Provided records: Begin
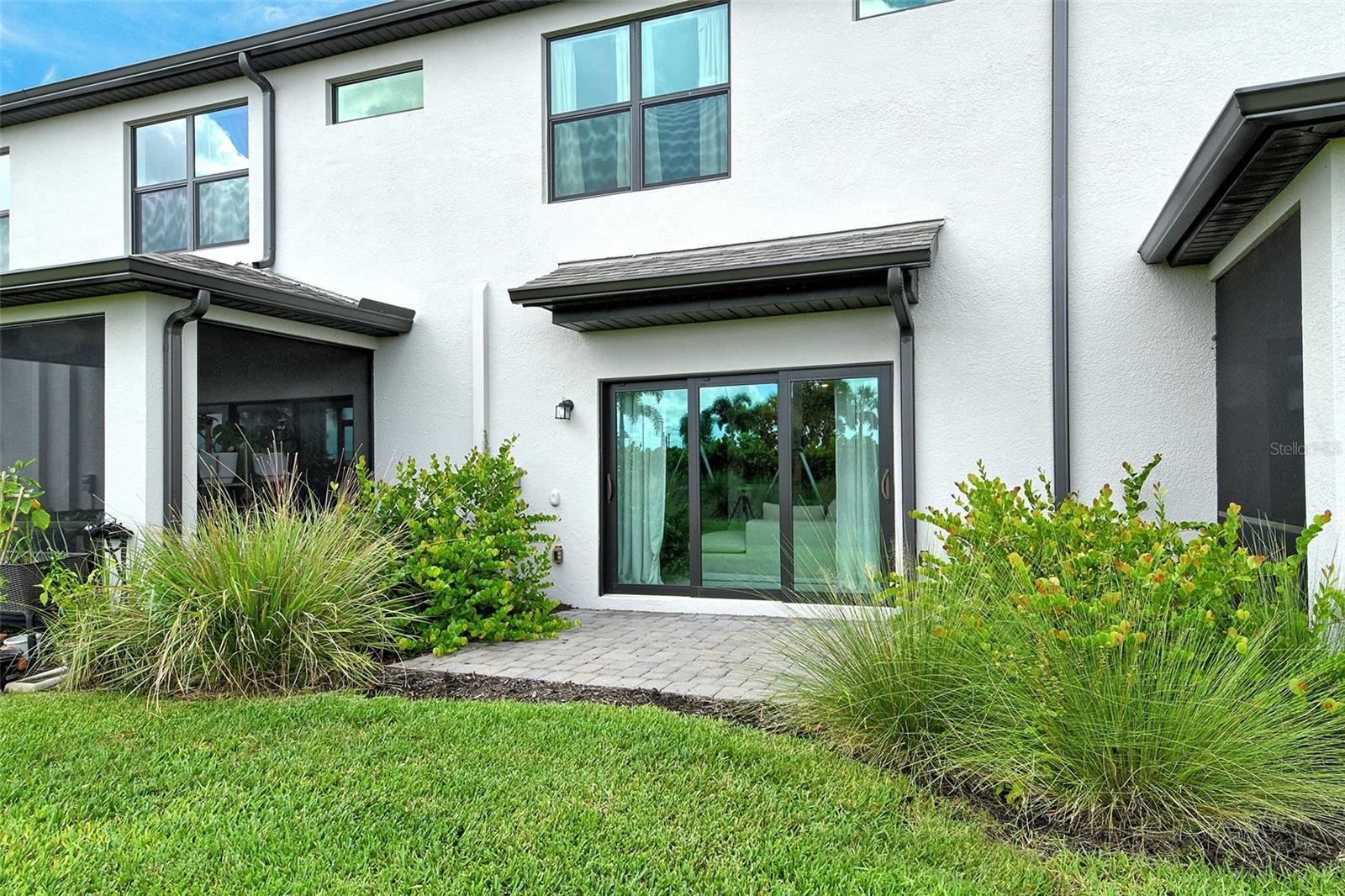 AVANTI/WATERSIDE - Residential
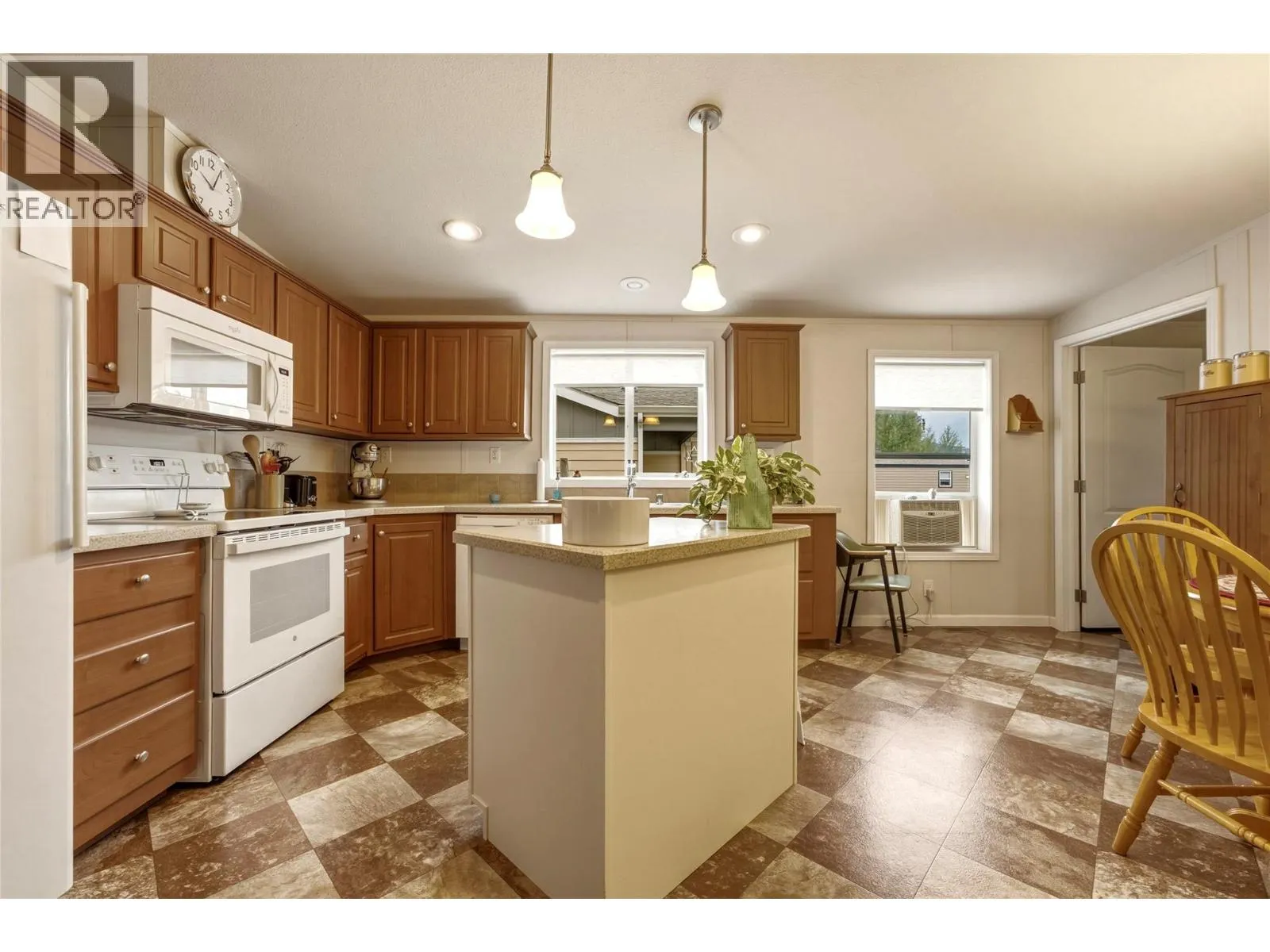 4811 10A Avenue NE Unit# 24
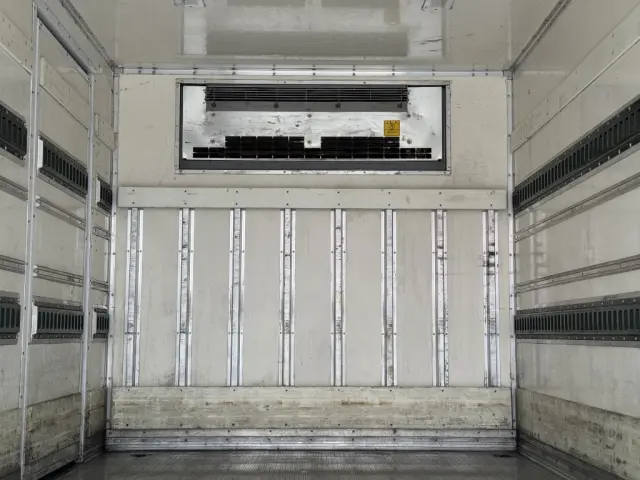 いすゞ エルフ 2RG-NPR88YN(2WD)の写真19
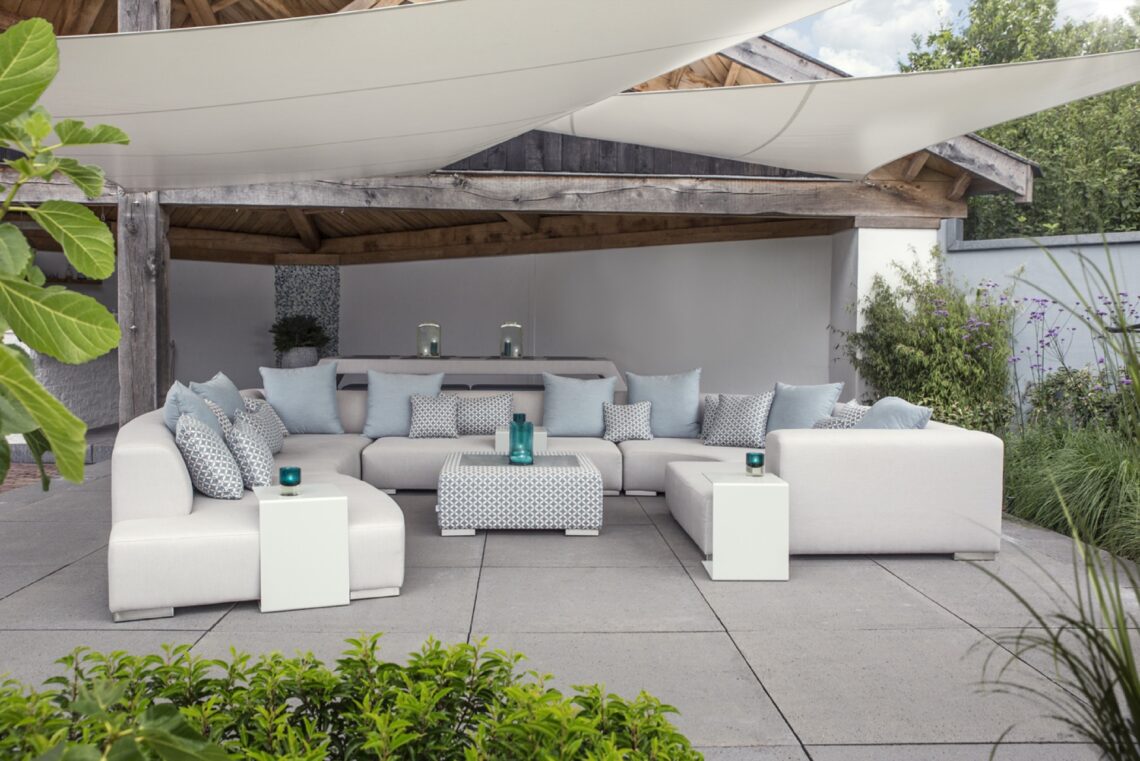 Enjoy your garden longer with heated cushions in your lounge furniture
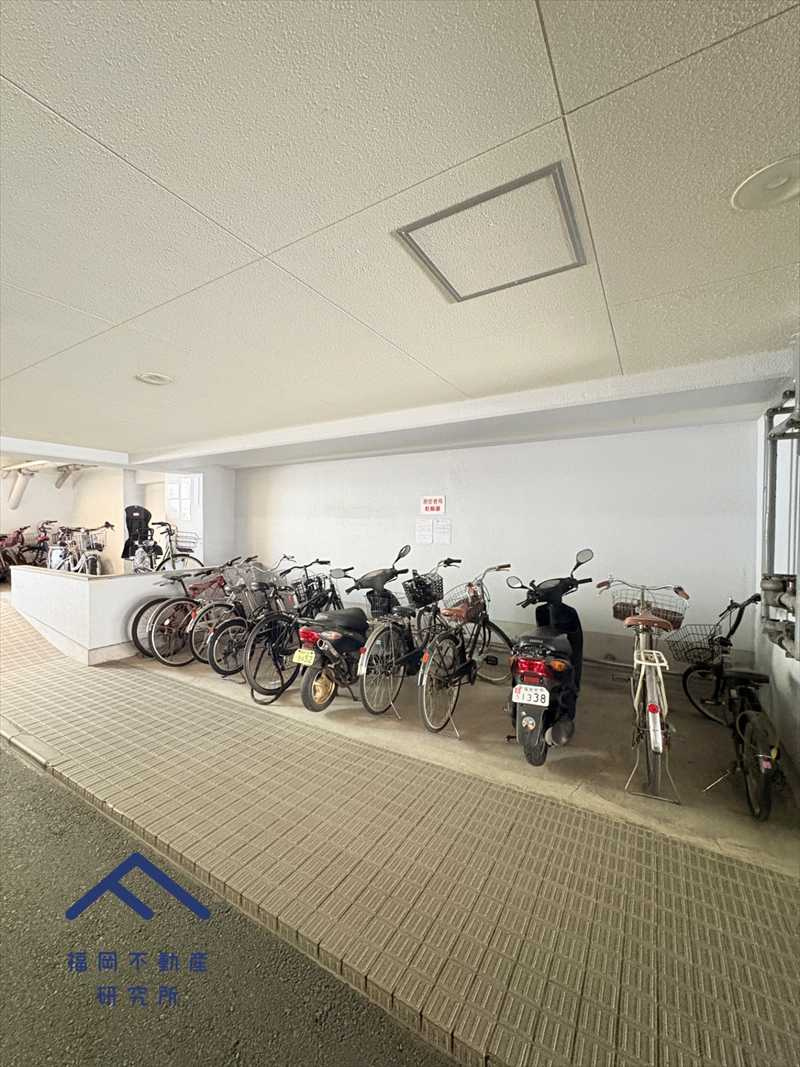 六本松パークホームズの駐車場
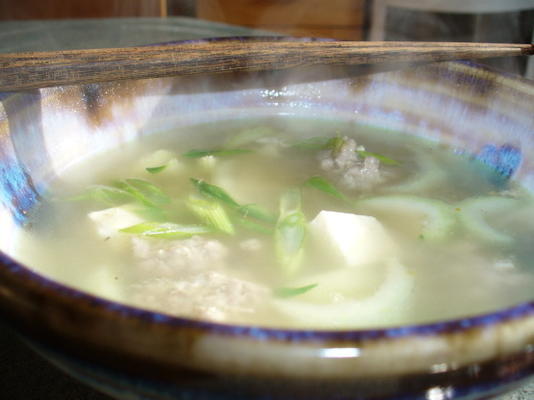 kang jyd taohu (soupe thaïlandaise au tofu)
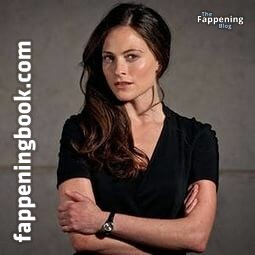 Lara Pulver Onlyfans Nude Leaked Photos photo leak 21 of 50
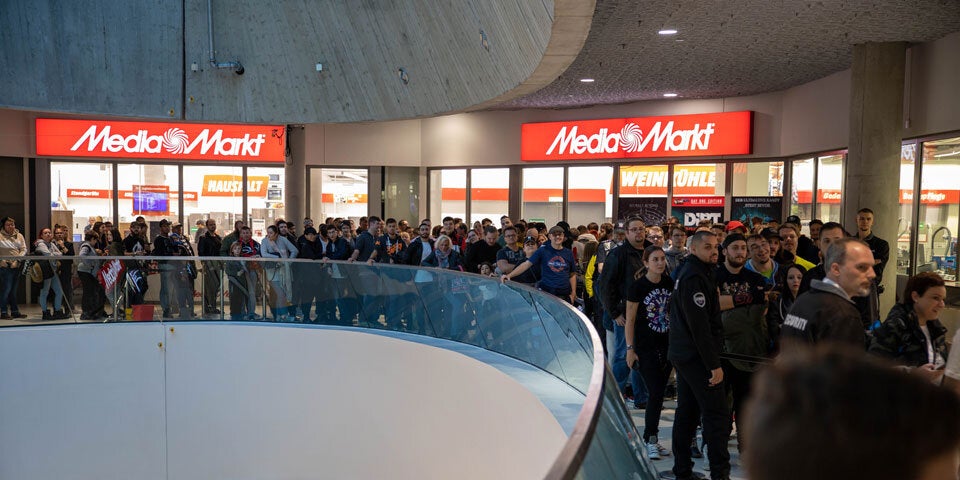 WWE-Fans stürmten Elektronikmarkt in Wien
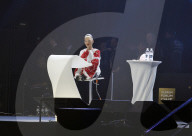 NEWS - Sophia die Roboterin zu Besuch in Kiev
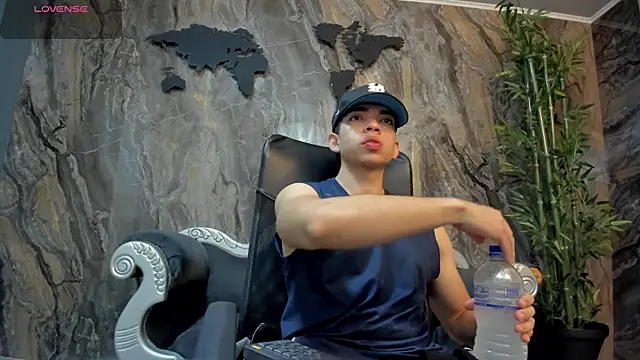 Eryonbradley online show from 12, 9, 2025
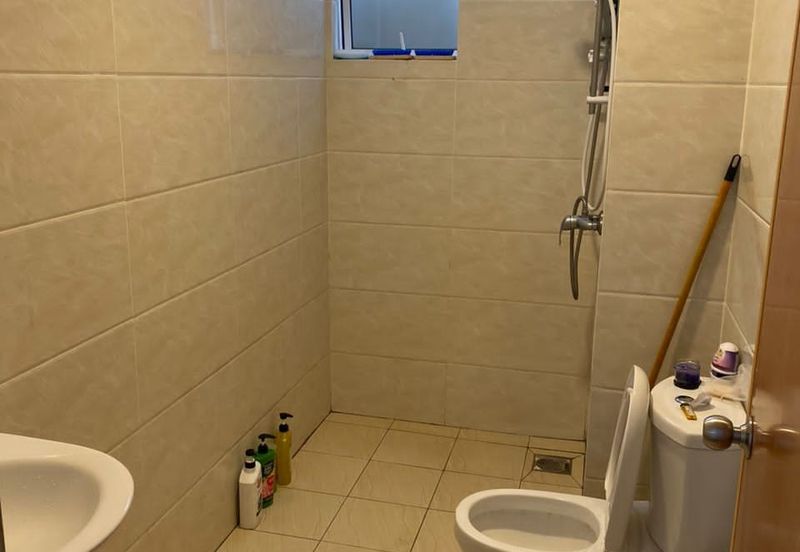 JING YUEN CONDOMINIUM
Provided records: End
* **Problem details**
Once the line holding "NEWS - Sophia" is found, set down that line and every line after it, exactly, through the last line of the records above, omitting pictures.

* **Task result**
 NEWS - Sophia die Roboterin zu Besuch in Kiev
 Eryonbradley online show from 12, 9, 2025
 JING YUEN CONDOMINIUM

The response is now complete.